Latin American countries, did not. Mexico has improved and has constantly been on a upward trend since 2003, a fact that was noted and praised it the 2012 report, but "the magnitude of the challenge continues to be huge."
A basic, competent level in math is referred to as Level 2, and 55 percent of Mexican students do not reach it, while the OECD average is 23 percent. It averaged 413 points in math, well bellow the 494 OECD medium.
Forty-one percent of Mexican students aren't competent in basic level reading either. Here they achieved only 424 points against the 496 OECD average.
And in science, 47 percent don't reach basic competency levels as they average only 415 points, compared with the 501 international standard.
Baja California itself was also rated (Mexico submitted each of its states to the test as well) and it placed 13 nationally with a score of 415 points in math.
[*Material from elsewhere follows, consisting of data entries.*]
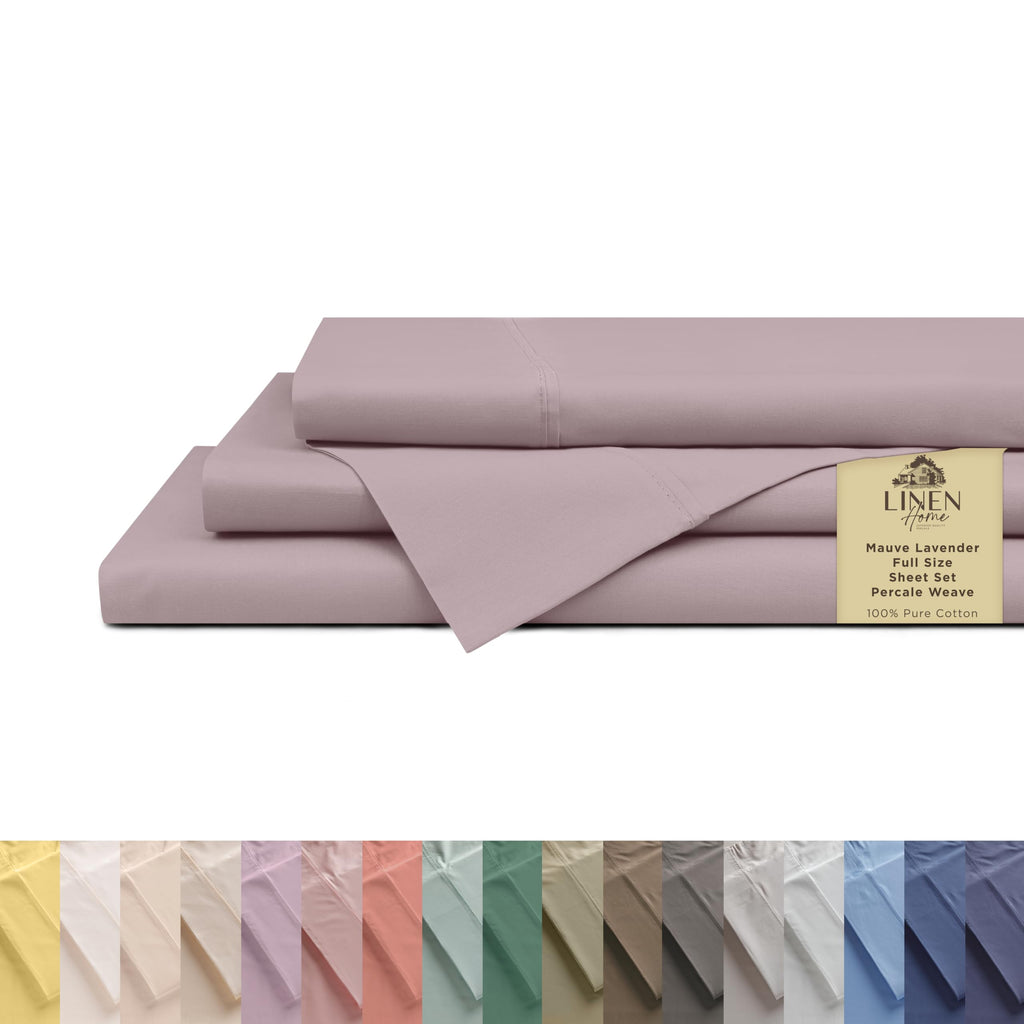 Linen Home 100% Cotton Percale Sheet Set - Deep Pocket Fitted Sheet Fits Mattress Upto 15", Pillowcases, Breathable Flat Sheet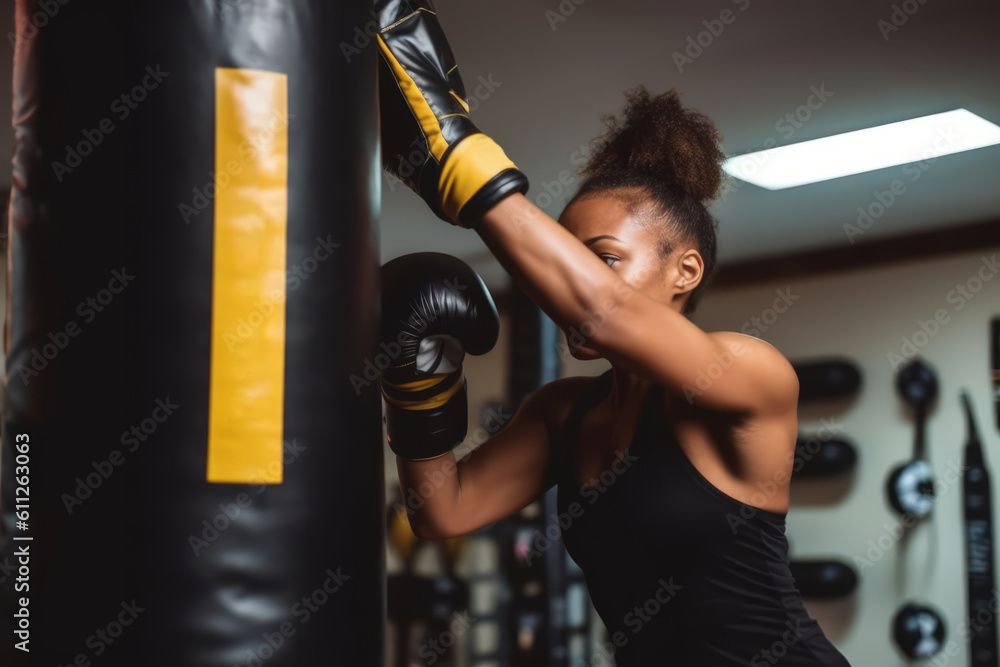 Fototapeta premium Afro American young woman striking punching bag in the gym. Generative Ai
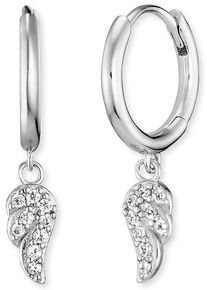 Paar Creolen Engelsrufer "Flying Wings", silber (silberfarben, kristallwei&szlig;, kristallwei&szlig;), Ohrringe, Damen, 14mm, Silber 925 (Sterlingsilber), Paar Creolen, mit Zirkonia (synth.)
Not good.
Mexico falls behind in all three categories and other metrics. Only 70 percent of 15 year-olds have some level of school, while the OECD average is 90 percent.
None of these categories have particularly good news for Mexican students, although some competitive comfort can be found in the fact that they still placed higher on all three categories than Montenegro, Uruguay, Costa Rica, Albania, Brazil, Argentina, Tunisia, Jordan, Colombia, Qatar, Indonesia and Peru.
The study also revealed a harrowing piece of data about just how long it would take for Mexico to reach the same level of competence in math as the best rated countries. "At the current rate of improvement, Mexico would need 25 years for it to reach the average current levels of the OECD in math and more than 65 years in reading," warns the study. Mexico might be improving, but at a turtle pace. Added to this issue are other, like problems with motivation (half feel anxious about facing math problems), are very late for school, suffer from grave economic inequality compared to other countries that greatly affects their learning opportunities, among other factors.
There is also little hope for improvement in private schools, something the study tries to point out, saying that all private schools do is increase the lack of attention towards the public school system and proves that market solutions to education offer little respite for education problems.
There is some hope, though. As already mentioned, Mexico has actually improved relative to its results in 2003 in math and reading (science is still an issue). In math, it has a 3.1 annualized growth rate.
"Of the 39 countries and economies that participated both in the 2003 and 2012 PISA tests, Mexico, Turkey and Germany improved their performance in math and on their levels of equality in education during the same period," said the report. So, not all of it is bad.
Aguascalientes was the state with the highest grade in math in Mexico, with 437 points, followed by Nuevo Leon with 436. Baja California placed 13th with 415 points.